Mas jamais teremos os exames. Não passaremos o reveillon angustiados enquanto ele está internado. A sala de contenção onde ele ficaria quando voltasse não vai ser limpa pra receber o Gato Amarelo de volta. 

Nessa amarga manhã do útimo dia de 2024, enquanto fazia um chá pra sentar na sala de conteção com o Gato Amarelo enquanto esperávamos o retorno da Bianca, ele morreu. Sem briga, sem selvageria. Morreu encostado na porta, talvez esperando que eu voltasse pra lhe fazer companhia, talvez desejando passar seus últimos momentos no capinzal das Gaylands. Não sei. E me doi que nenhuma dessas coisas tenha ocorrido. Quando abri a porta, ele já estava estirado, sem reação. Corri pro veterinário - que mora atravessando a rua - que fez massagem cardiaca nele, mas foi em vão. 

O Gato Amarelo me deu quatro anos de sua vida. Dois deles rondando o pátio das Gaylands, aceitando comida mas se escondendo pelos cantos, meio ano de uma convivência forçada - no começo, ao menos - e depois distante, mas me deu seu melhor ano e meio no final. Com cabeçadas, ronronadas, carícias, miados estridentes pra anunciar sua chegada, exigências de atenção e um ritual matinal que me fazia sorrir todos os dias. 

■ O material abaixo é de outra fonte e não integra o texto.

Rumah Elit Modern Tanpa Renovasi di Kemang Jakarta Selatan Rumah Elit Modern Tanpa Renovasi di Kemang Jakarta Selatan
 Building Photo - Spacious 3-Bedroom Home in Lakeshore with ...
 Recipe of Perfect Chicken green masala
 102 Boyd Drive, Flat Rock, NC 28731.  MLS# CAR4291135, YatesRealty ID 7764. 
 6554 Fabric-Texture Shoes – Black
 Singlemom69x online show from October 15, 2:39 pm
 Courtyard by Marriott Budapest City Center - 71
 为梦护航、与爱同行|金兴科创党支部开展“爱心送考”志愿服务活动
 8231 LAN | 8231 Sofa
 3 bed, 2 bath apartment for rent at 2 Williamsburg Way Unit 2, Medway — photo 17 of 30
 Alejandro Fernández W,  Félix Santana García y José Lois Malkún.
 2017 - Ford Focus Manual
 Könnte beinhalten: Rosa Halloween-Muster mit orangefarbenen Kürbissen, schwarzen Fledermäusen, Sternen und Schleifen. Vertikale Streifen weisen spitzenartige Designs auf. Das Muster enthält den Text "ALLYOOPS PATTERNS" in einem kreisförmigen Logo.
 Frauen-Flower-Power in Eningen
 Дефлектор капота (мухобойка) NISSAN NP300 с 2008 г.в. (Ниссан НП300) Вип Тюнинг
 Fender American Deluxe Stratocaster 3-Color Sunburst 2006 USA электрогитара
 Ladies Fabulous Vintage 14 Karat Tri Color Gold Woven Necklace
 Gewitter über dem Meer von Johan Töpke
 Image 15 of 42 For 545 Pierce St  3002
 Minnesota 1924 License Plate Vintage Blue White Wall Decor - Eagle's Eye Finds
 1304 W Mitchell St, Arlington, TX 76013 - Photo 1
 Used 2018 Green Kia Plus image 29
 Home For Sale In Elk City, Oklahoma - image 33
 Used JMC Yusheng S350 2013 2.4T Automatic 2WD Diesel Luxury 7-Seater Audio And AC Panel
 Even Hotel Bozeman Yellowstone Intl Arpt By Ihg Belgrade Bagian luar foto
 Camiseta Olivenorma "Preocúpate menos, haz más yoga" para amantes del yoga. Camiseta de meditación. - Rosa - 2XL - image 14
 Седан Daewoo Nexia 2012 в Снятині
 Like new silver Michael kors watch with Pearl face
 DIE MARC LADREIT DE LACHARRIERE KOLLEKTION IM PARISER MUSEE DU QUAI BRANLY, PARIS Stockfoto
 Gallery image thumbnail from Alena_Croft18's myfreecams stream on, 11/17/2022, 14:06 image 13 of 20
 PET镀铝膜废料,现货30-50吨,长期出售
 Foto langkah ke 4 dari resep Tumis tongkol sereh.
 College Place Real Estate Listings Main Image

Ele vai fazer muita falta. 2025 vai começar muito, muito menos feliz sem ele aqui.

Mas vai ficar a lembrança de um gato arisco que se tornou meu maior companheiro. Da útima vida que ele tinha, e que escolheu compartilhar comigo. E isso eu vou lembrar ao longo do próximo ano, e de todos os anos seguintes, até que a minha útima vida também se vá.